Improvements and Prevention
Physicians may select and prescribe medications specific to your diagnosis.
Symptoms can be alleviated by maintaining a healthy weight, physical therapy or strength enhancing exercises, reduce fatigue by getting adequate rest and sleep, and consuming an anti-inflammatory diet.
Specimen Type
Serum
Fasting Required
No, but may be ordered with tests that require fasting
Drawing and Processing
  1. Draw from a vein into a SST tubetube1
  2. Invert tube (do not shake) 1-2 times to mix adequately
  3. Let stand upright in tube rack for 30 minutes
  4. Centrifuge for 15 minutes at 3300rpm
  5. Do not leave at room temperature for more than 1 hour
  6. Keep cold in a refrigerator to maintain stability, until ready to ship
Shipping Instructions
  1. Freeze ice packs 24 hours prior to use
  2. Place ice packs inside the Styrofoam insulated kit
  3. Place processed tubes inside biohazard bag, place inside kit
  4. Seal box, print airbill and adhere to box and wait for courier to pick up
Rejection Criteria
QNS; temperature out of range upon receipt; grossly lipemic or hemolyzed; wrong specimen type; sample stability exceeded for this analyte; unlabeled or mislabeled specimen.
References

1. Scofield, RH (May 8, 2004). “Autoantibodies as predictors of disease”. Lancet 363 (9420): 1544–6.

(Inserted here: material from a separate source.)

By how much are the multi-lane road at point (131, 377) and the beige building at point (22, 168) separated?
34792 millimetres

2. Richardson, B; Epstein, WV (September 1981). “Utility of the fluorescent antinuclear antibody test in a single patient”. Annals of internal medicine 95 (3): 333–8

The information provided here is intended for educational purposes only and should not be used or substituted as medical advice. You should consult a healthcare practitioner regarding medical diagnosis or treatment.

* Vibrant™ Tests have been developed and its performance characteristics determined by the CLIA-certified laboratory performing the test. This test has not been cleared or approved by the U.S. Food and Drug Administration (FDA). Although FDA does not currently clear or approve laboratory-developed tests in the U.S., certification of the laboratory is required under CLIA to ensure the quality and validity of the tests.